- **Instructions for the task**
An exact copy of the listing below is needed, with no pictures in it.

- **Recorded data**

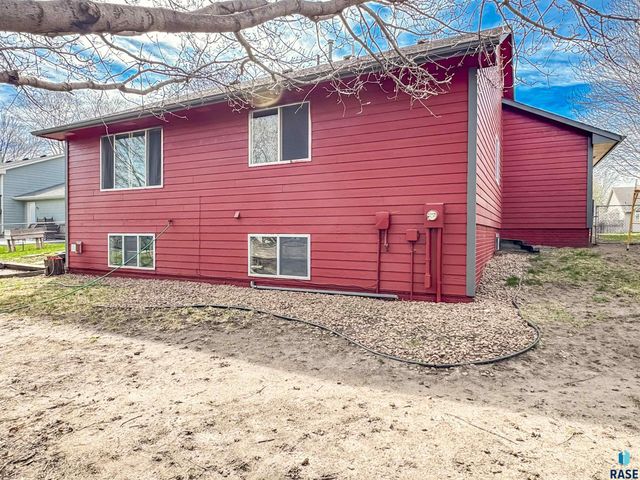 904 E Maywood St Street, Brandon, SD 57005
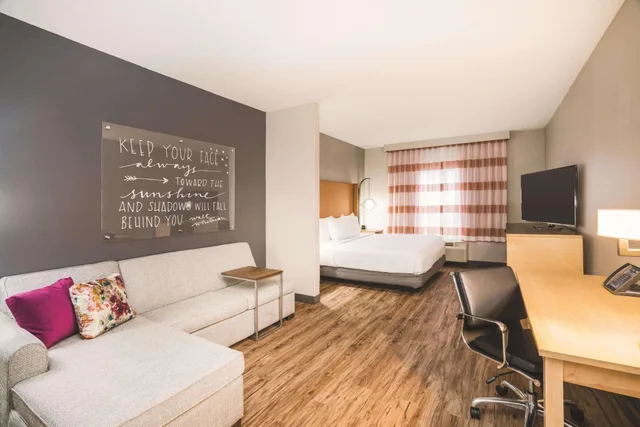 جناح بسرير كينج، La Quinta Inn And Suites By Wyndham Chattanooga North Hixson 1/1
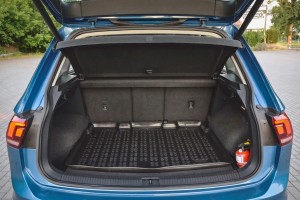 VOLKSWAGEN TIGUAN II AD1 2016-2024 PÓŁKA BAGAŻNIKA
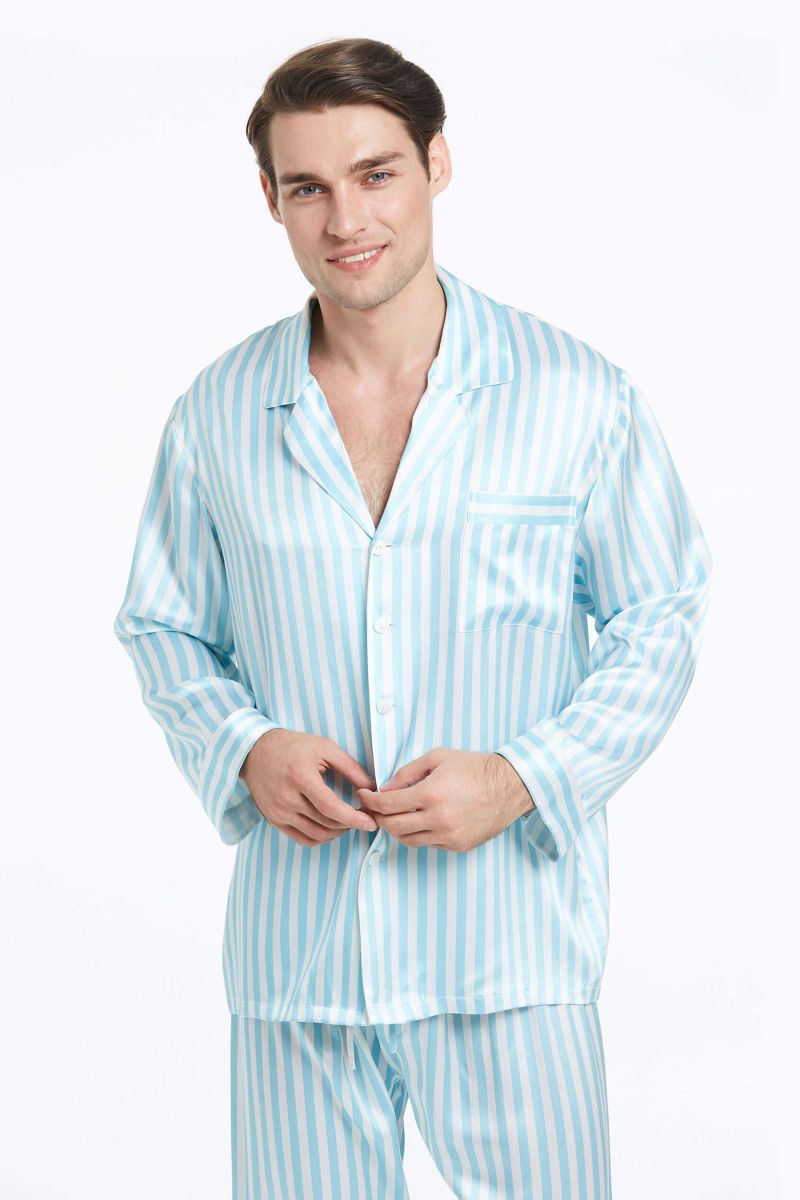 #color_Blue And White Stripes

- **Exercise result**
 904 E Maywood St Street, Brandon, SD 57005
 جناح بسرير كينج، La Quinta Inn And Suites By Wyndham Chattanooga North Hixson 1/1
 VOLKSWAGEN TIGUAN II AD1 2016-2024 PÓŁKA BAGAŻNIKA
 #color_Blue And White Stripes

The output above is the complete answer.